TRIBUNNEWS.COM - Kejaksaan Agung mengungkap negara berpotensi mengalami kerugian Rp 13,7 triliun akibat PT Asuransi Jiwasraya (Persero) berinvestasi pada 13 perusahaan bermasalah.
Perusahaan asuransi pelat merah ini diduga mengabaikan prinsip kehati-hatian dengan menginvestasikan dana nasabahnya pada portofolio yang berisiko tinggi demi mengejar imbal tinggi (high return).
Ekonom Institute for Development of Economics and Finance ( Indef), Enny Sri Hartati, mengungkapkan kasus perusahaan asuransi sampai tekor triliunan rupiah dinilainya tidak lazim.
Pengelolaan dana di industri asuransi, berbeda dengan perusahaan investasi lainnya.
"Tidak lazim, nggak lazim sekali kalau sampai asuransi bisa rugi sebesar itu. Kalau sampai rugi triliunan di industri ini, berarti ada salah kelola atau moral hazard," jelas Enny, Rabu (25/12/2019).
Menurutnya, di industri asuransi menerapkan prinsip kehati-hatian yang lebih ketat dibanding industri keuangan lainnya.
Kemudian, umumnya perusahaan asuransi juga menggunakan reasuransi. Dimana risiko bisa dibagi dengan perusahaan asuransi lain.
"Di sistem asuransi itu yang namanya pertanggungan diberikan sesuai dengan polisnya. Nggak ada rugi semacam BPJS (Kesehatan)," kata Enny.
"Kemudian karena dia produknya asuransi, kan ada reasuransi.
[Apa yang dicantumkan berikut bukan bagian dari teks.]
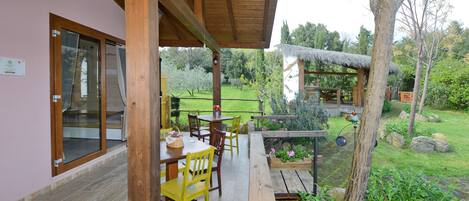 Familienchalet, Mehrere Schlafzimmer, Bergseite (Piccola Fattoria) | Terrasse/Patio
Harusnya sudah diperhitungkan, kalau bisa rugi sebesar itu artinya ada moral hazard, ada pelanggaran dalam pengelolaannya," tambahnya.
Baca: Polemik Kasus Jiwasraya, Pengamat: Penegakan Hukum Jadi Kunci Penyelesaian
Saham gorengan
Jiwasraya mengalami gagal bayar polis kepada nasabah terkait produk investasi Saving Plan. Produk tersebut adalah asuransi jiwa berbalut investasi hasil kerja sama dengan sejumlah bank sebagai agen penjual.
Perusahaan asuransi pelat merah ini menyerah dan tak sanggup memenuhi kewajiban pembayaran yang mencapai Rp 12,4 triliun.
Menilik ke belakang, limbungnya keuangan Jiwasraya terutama karena kesalahan penempatan investasi yang dilakukan manajemen terdahulu.
Dalam laporan keuangan yang Jiwasraya, aset berupa saham pada Desember 2017 tercatat sebesar Rp 6,63 triliun, menyusut drastis menjadi Rp 2,48 triliun pada September 2019.